There are many works related to routings in FPGA's P&R. Our work shares a similarity to HARP (Hard-wired Routing Pattern FPGAs) in that predefined routing patterns are utilized [Sivaswamy et al. 2005] . Recently, innovative modeling and methods have been proposed for PCB escape routings [Yan and Wong 2009] . Although these are excellent routing algorithms, it is not clear how they can be directly used in CGRA modulo scheduling to result in loosening the coupling of routing and placement problems as the routing through our qualified patterns do.
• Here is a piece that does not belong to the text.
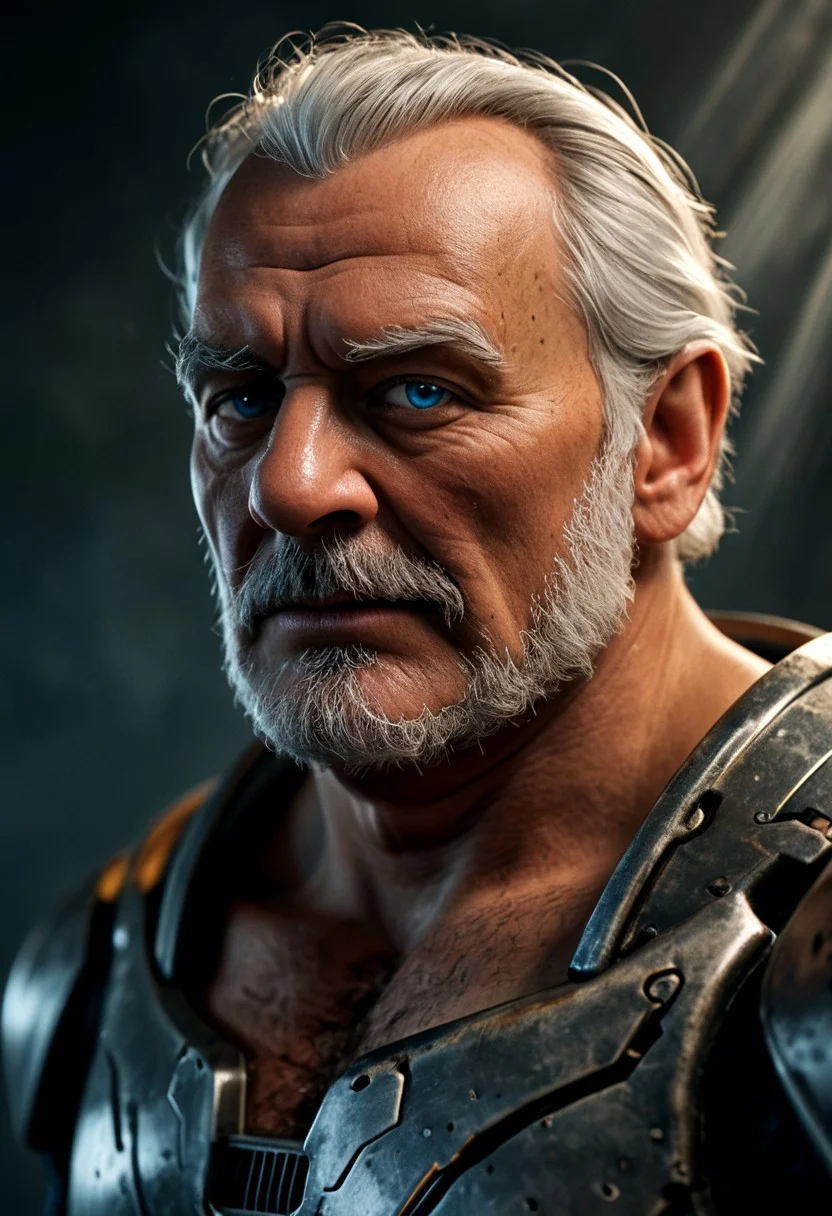 realistic, closeup portrait, face portrait, focus on face, seen from the side, dark cyberpunk megacity, neonlit background, volumetric light rays, natural light, alone, solo, relaxed cute pose, arm resting on leg, old granddad, old man, grandpa, tanned skin, strong tan, pubic-hair, small flat crooked down nose, bushy eyebrows, hairy chest, chesthair, strong manly round chubby face, deep blue eyes, (charming, handsome, sensual, arrogant, challenging), wearing cybernetic armor, cybernetic bodysuit, cyberpunkt accessoires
There is no clear architectural difference between CGRA and clustered VLIW [Mei 2005] . Clustered VLIWs and their intercluster communications are well categorized in Fisher et al. [2005] and Terechko et al. [2003] . In addition, much work has been done toward compiling for clustered VLIW [Ellis 1985; Özer et al. 1998; Nystrom and Eichenberger 1998; Sánchez and González 2000] . Some of the concepts from these works can be adapted for CGRAs, but they generally do not consider the issue of routing values through sparse interconnect, except for implicit or explicit data copies between clusters. On the other hand, CGRAs often have more sparsely connected networks, where many routing resources are shared. The proposed algorithm extracts out the useful routing patterns from those architectures and enables fast compilation by exploiting them.
CONCLUSION
This article proposes a fast modulo scheduling algorithm, which improves the compilation speed by multiple orders compared to EMS, the state-of-the-art CGRA modulo scheduler. To reduce compilation time, the proposed scheduler simplifies the routing stage of modulo scheduling so that it can be effectively integrated into the placement stage. By utilizing qualified routing patterns, the scheduler can determine a placement guaranteed not to be invalidated by further routings. We examined the proposed scheduler with shaders of a real-world benchmark in the 3D graphics domain, which is known to be extremely intolerant to long compilation times. In the benchmark results, the proposed scheduler achieves 310 times on average and up to 6,000 times improvement in compilation speed over EMS. The performance degradations of the resulting schedules remain within 30% on average.
Our future research direction includes improving the performance by inserting explicit move operations into a DFG to restore the performance degradation from central RF port contention.